▶ What you need to do
Copy out the data exactly as it appears, without a single image.

Short web captions

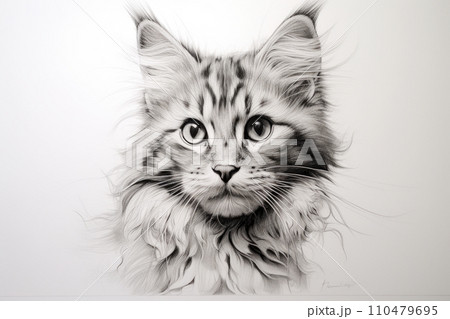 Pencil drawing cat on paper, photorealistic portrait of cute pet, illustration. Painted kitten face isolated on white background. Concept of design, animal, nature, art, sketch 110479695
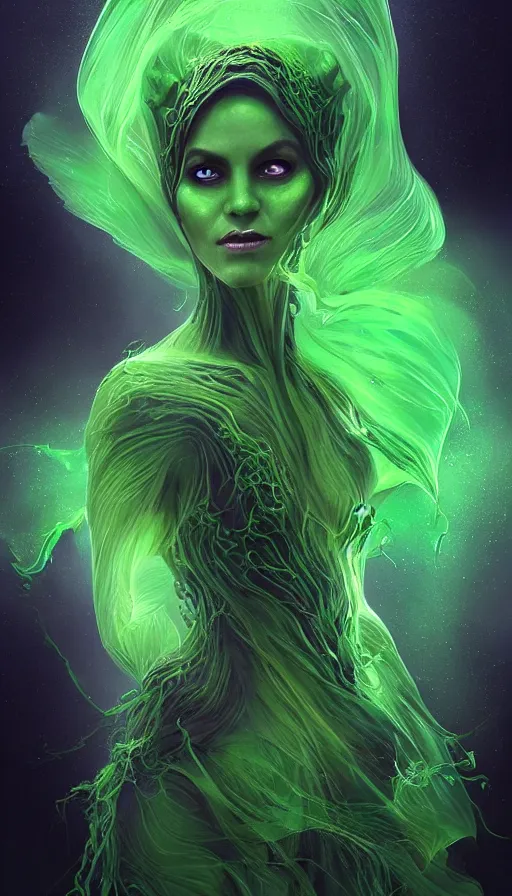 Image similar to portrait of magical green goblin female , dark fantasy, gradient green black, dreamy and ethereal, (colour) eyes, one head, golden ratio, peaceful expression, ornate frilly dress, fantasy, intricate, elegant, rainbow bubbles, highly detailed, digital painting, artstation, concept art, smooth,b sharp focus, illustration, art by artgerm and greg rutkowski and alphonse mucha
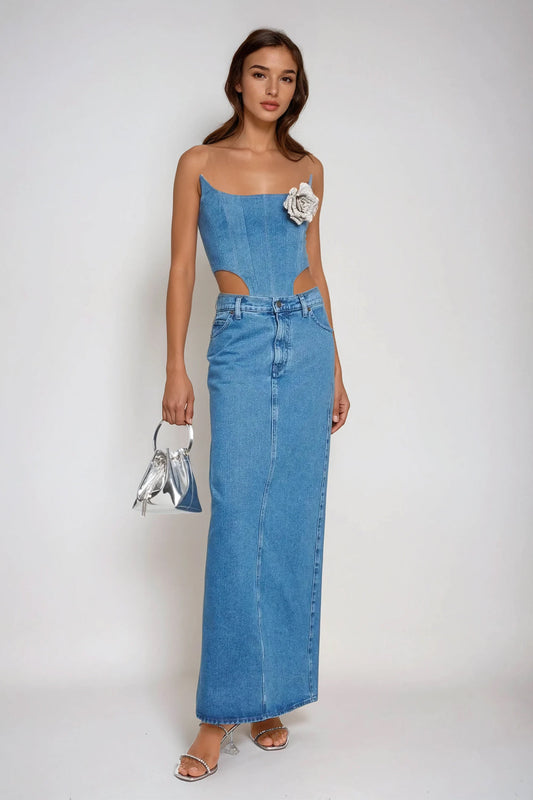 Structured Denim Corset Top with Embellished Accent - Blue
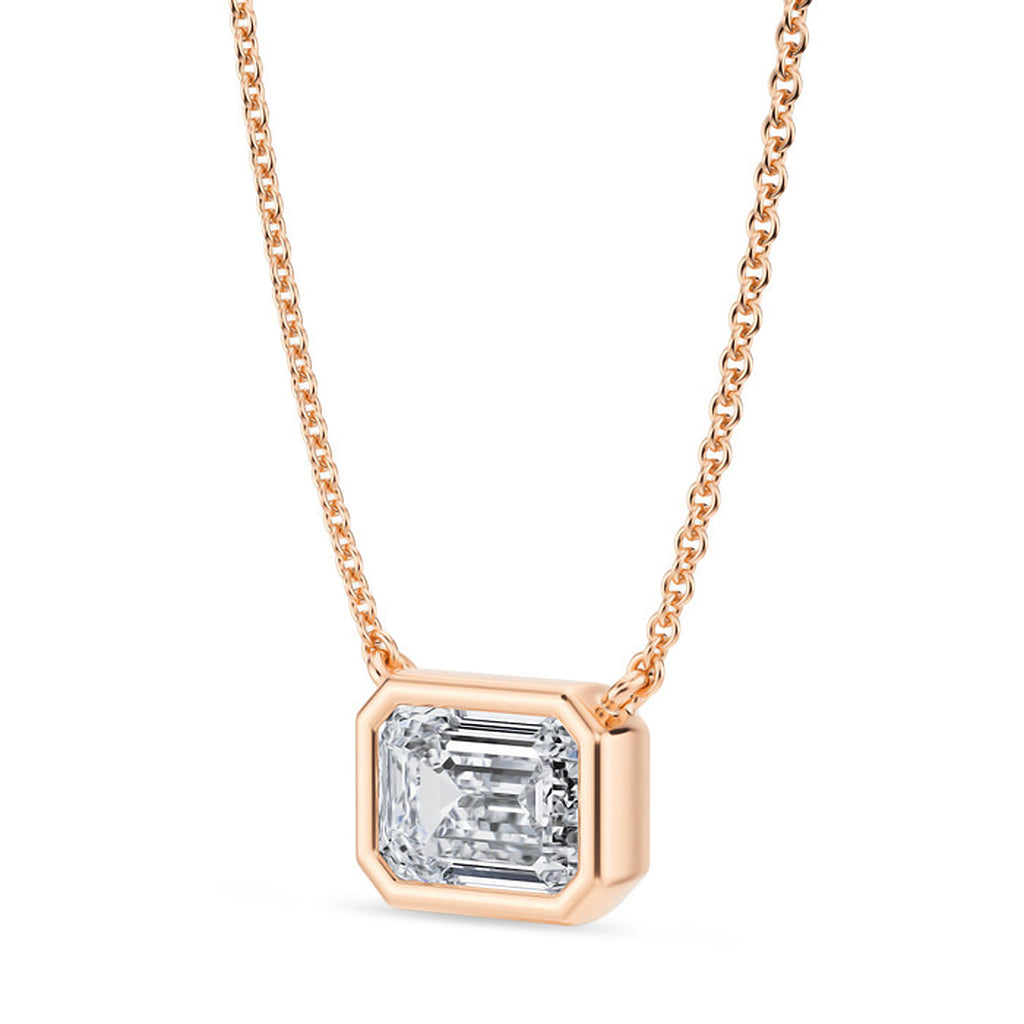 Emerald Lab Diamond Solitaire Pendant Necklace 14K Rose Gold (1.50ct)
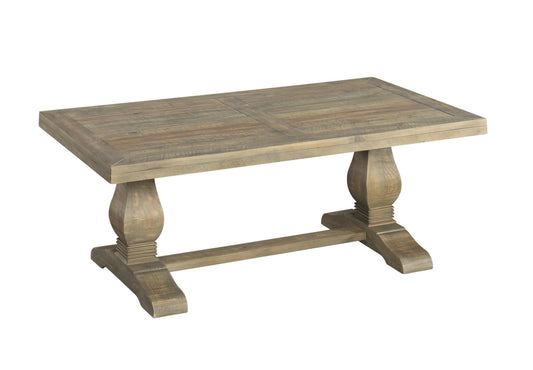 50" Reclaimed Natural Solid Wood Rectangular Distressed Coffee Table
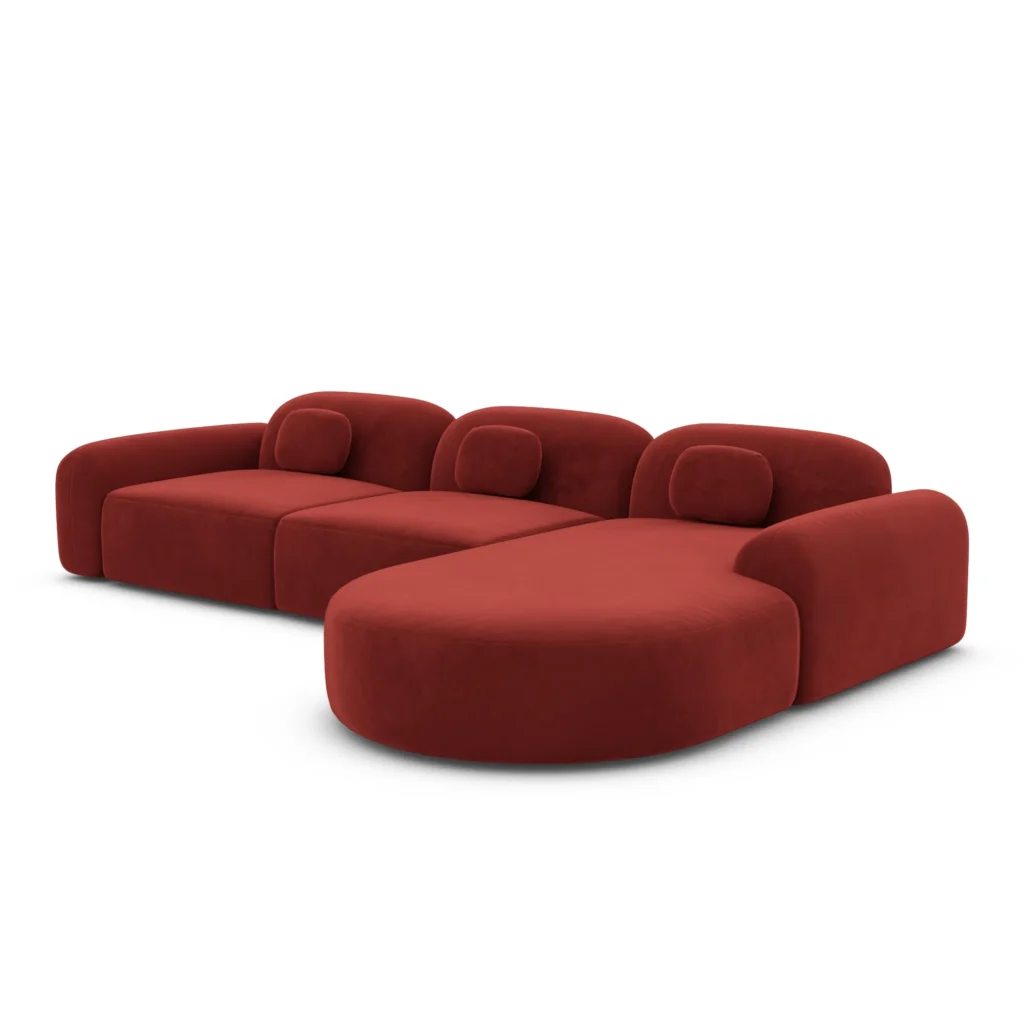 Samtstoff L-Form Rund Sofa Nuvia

▶ Task solution
 Pencil drawing cat on paper, photorealistic portrait of cute pet, illustration. Painted kitten face isolated on white background. Concept of design, animal, nature, art, sketch 110479695
 Image similar to portrait of magical green goblin female , dark fantasy, gradient green black, dreamy and ethereal, (colour) eyes, one head, golden ratio, peaceful expression, ornate frilly dress, fantasy, intricate, elegant, rainbow bubbles, highly detailed, digital painting, artstation, concept art, smooth,b sharp focus, illustration, art by artgerm and greg rutkowski and alphonse mucha
 Structured Denim Corset Top with Embellished Accent - Blue
 Emerald Lab Diamond Solitaire Pendant Necklace 14K Rose Gold (1.50ct)
 50" Reclaimed Natural Solid Wood Rectangular Distressed Coffee Table
 Samtstoff L-Form Rund Sofa Nuvia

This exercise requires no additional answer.